A trip down memory lane...

This is the house where I grew up. It was fun yesterday to tour Bakersfield and all the familiar places. No nostalgia, though, as the present is a happy time!

Happy 2010...

Saturday, December 19, 2009

And the angel said to them...

"Fear not, for, behold,  I bring you good tidings of great joy which shall be to all the people. Unto you is born this day in the City of David a Savior, who is Christ the Lord. And this shall be a sign unto you: Ye shall find the Babe wrapped in swaddling clothes and lying in a manger."

And suddenly there was with the angel a multitude of the heavenly host praising God and saying, "Glory to God in the Highest, and on earth peace, goodwill toward men."
                                Luke 2: 10-14

Joyeux Noel!

Friday, December 18, 2009

The Simple Things

There are three things I miss about Bakersfield: Smith's Bakery, Dewar's Candy, and Wool Growers Basque restaurant. Today I received a little taste of each. One of my students has a friend visiting from Bakersfield, and she brought me Smith's happy face cookies AND Dewars' peanut butter taffy chews. Heaven in a bite... Corinne made beans and cornbread for dinner, and by golly, the seasonings mimic the beans from Wool Growers! Life is good.

Friday, December 11, 2009

The Holly

Holly has an interesting history with Christmas. It was originally a plant reverenced by the Druids because it was an evergreen. Over time, Christians began to see a metaphor for Christ in the plant. The red berries represent the blood of Jesus by which mankind can be saved. The green is a symbol for eternal life. The thorniness has a double meaning: it reminds us of the crown on thorns Jesus wore at the crucifixion and it also illustrates the fact that God never promised his children a life without trials, but rather the grace and strength to endure and grow through them.

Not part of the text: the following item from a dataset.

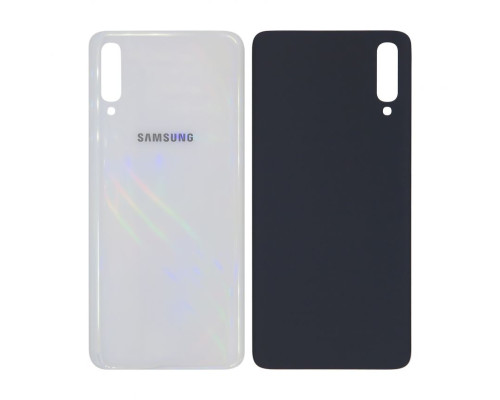 Задня кришка для Samsung Galaxy A70/A705 (2019) white High Quality TPS-2710000212843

Tuesday, December 08, 2009

Luke 2:8-18

And there were shepherds living out in the fields nearby, keeping watch over their flocks at night. An angel of the Lord appeared to them, and the glory of the Lord shone around them, and they were terrified. But the angel said to them, "Do not be afraid. I bring you good news of great joy that will be for all the people. Today in the town of David a Savior has been born to you; he is Christ the Lord. This will be a sign to you: You will find a baby wrapped in cloths and lying in a manger."

Suddenly a great company of the heavenly host appeared with the angel, praising God and saying,

"Glory to God in the highest,
and on earth peace to men on whom his favor rests."

When the angels had left them and gone into heaven, the shepherds said to one another, "Let's go to Bethlehem and see this thing that has happened, which the Lord has told us about."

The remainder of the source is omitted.